But it's still true about the higher pressure on the outside of your boots, right ? When doing a heelside carve, the left side of your left boot and the right side of your right boot are pressured before the opposite sides. The pressure on the highback is uneven. Aren't there any negative side-effects to that ?



Mystery2many said:


> Also forward lean helps heel side carves and takes up sloop if its a binding with zero forward lean to start with.


Sloop ?;]



Mystery2many said:


> Some bindings have stock forward lean just like some boots do.


Yeah, the built-in forward lean is minimal. I want MOAR.



Mystery2many said:


> I would just play with it a little at a time and see how you like it


Yeah, will do.


----------



## foobaz (Jan 28, 2015)

neni said:


> The idea of the rotated highbacks comes cos when you put pressure on the hind edge it's a perpendicular shift of weight to the edge, you won't shift the weight in the angled direction your bindings have (would be a weird impossible movement with duck anyway).


This is totally understandable and convincing.



neni said:


> So if you don't rotate them, your main point of pressure would be at the outer sides of the highbacks. If you rotate them to be bit - not totall - aligned with the edge, you have a less pointed but more distribured weight impact on the highback.


Well, if you don't rotate them, the pressure on the outside will actually be smaller, than with the rotation.

With the highback parallel to the edge you're pressuring the outsides of the highback the moment you strap in.

That's what makes me wonder about the possible downsides.



neni said:


> I honestly didn't get your line of thought with the forward lean... forward lean is nice to get more leverage on heelside carves, not frontside. If you want more leverage on frontside, try to shift the bindings to the front edge (and then compensate the loss of leverage on the heelside edge with bit of forward lean)

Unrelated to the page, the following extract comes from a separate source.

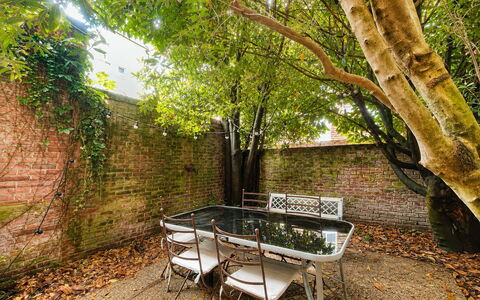 Petite Normandie: Meubilair, Stoel, Tafel, Buitenmeubels, Buitentafel, Keuken En Eettafel, Tuin, Schaduw, Backyard, Koffietafel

Err, backside, not frontside, sorry.


----------



## foobaz (Jan 28, 2015)

I'm not sure I'm getting my point across with the highback angles. What I mean is that the highback is rotated, but the boot is still at the same angle as the entire binding (not the highback). So instead of having even contact between the boot and the highback along their full height, we have more contact (and hence higher pressure) the higher and the more to the outside we go. That's what sounds to me like a problem.


----------



## Mizu Kuma (Apr 13, 2014)

What you've done is spot on!!!!!

Once you ride, the forces that you'll put onto the binding will seat your boot into it!!!!!

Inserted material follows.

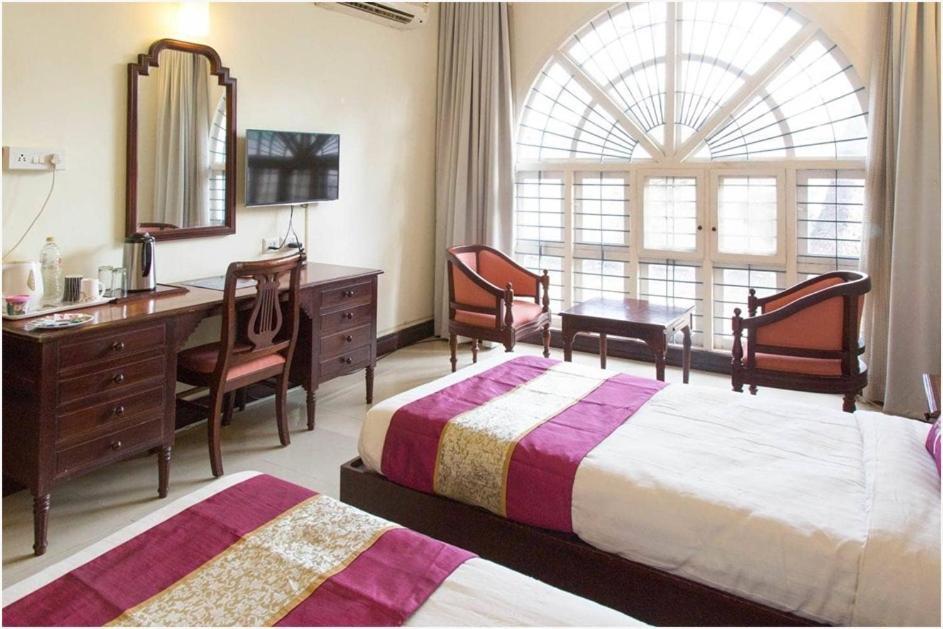 Ats Willingdon Hotel Kochi Exterior foto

There's actually a lot of flex to both your binding and boot!!!!!


----------



## chomps1211 (Mar 30, 2011)

It's not really all that difficult. If you leave the highbacks @ their straight 90° orientation to the bindings and ride anything but 0°/0°? When you try to engage your heel side edge, you aren't applying pressure directly to the highback along that edge. 

With some amount of forward lean dialed in, you can now pressure that edge by straightening your legs, which levers your highback into engaging that edge. If the backs aren't rotated, that leverage is being directed _across_ your board at an oblique angle. Even though the highback is seated evenly up against the back of the boot. Regardless of how evenly distributed the contact, this angled configuration is less direct leverage. It's less effecient, less responsive! However,.. it isn't impossible to ride or engage the edge like that either. 

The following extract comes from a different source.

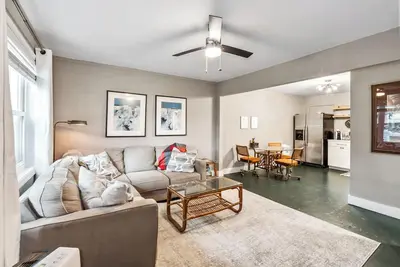 Image de Pet Friendly Park Circle Apartment - Walk to Riverfront!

I suppose some people could have a problem feeling some pressure points along the outside of the leg/calf. I never have. 

I rode my entire first season and part of the next before I read about rotating the highbacks parallel to the edge. And that was on a wide board with only size 10.5 boots. Which is even less ideal if you want to get good heelside edge response. I managed anyway. 

As has been suggested already. Just play around with the settings until you find the configuration you like best. It will be pretty apparent to you if you've gone "too far" one way or the other with the fwd lean or highback rotation.


----------



## neni (Dec 24, 2012)

foobaz said:


> With the highback parallel to the edge you're pressuring the outsides of the highback the moment you strap in.


Why do you think this? I think that you're thinking this is causing your confusion .
Hmmm, it's not easy to explain in words for me... easiest is if you try and observe the movement/mechanics: stand up and get a position like if you're on the board, knees bent. Now simulate how you'd shift your weight to the heel edge and monitor closely the movement of your calves. They won't move backwards exactly in the direction/angle which your feet have (i.e. direction/angle of a non rotated highback). They woud only move that way if you stand up - but you don't want to ride with straight legs. If you shift your weight to heel edge with _bent_ knees you'll see that it's not exactly the most hind part of the calves but rather a bit outer part which moves to the edge.


----------



## pescadero (Feb 5, 2014)

chomps1211 said:


> It's not really all that difficult. If you leave the highbacks @ their straight 90° orientation to the bindings and ride anything but 0°/0°? When you try to engage your heel side edge, you aren't applying pressure directly to the highback along that edge.


I hate to be the nerdy engineer, but the physics on this just don't work.

The binding base plate, as well as the board it is attached to is a relatively rigid system. Because of the coupling, any force will directly follow the direction it is applied.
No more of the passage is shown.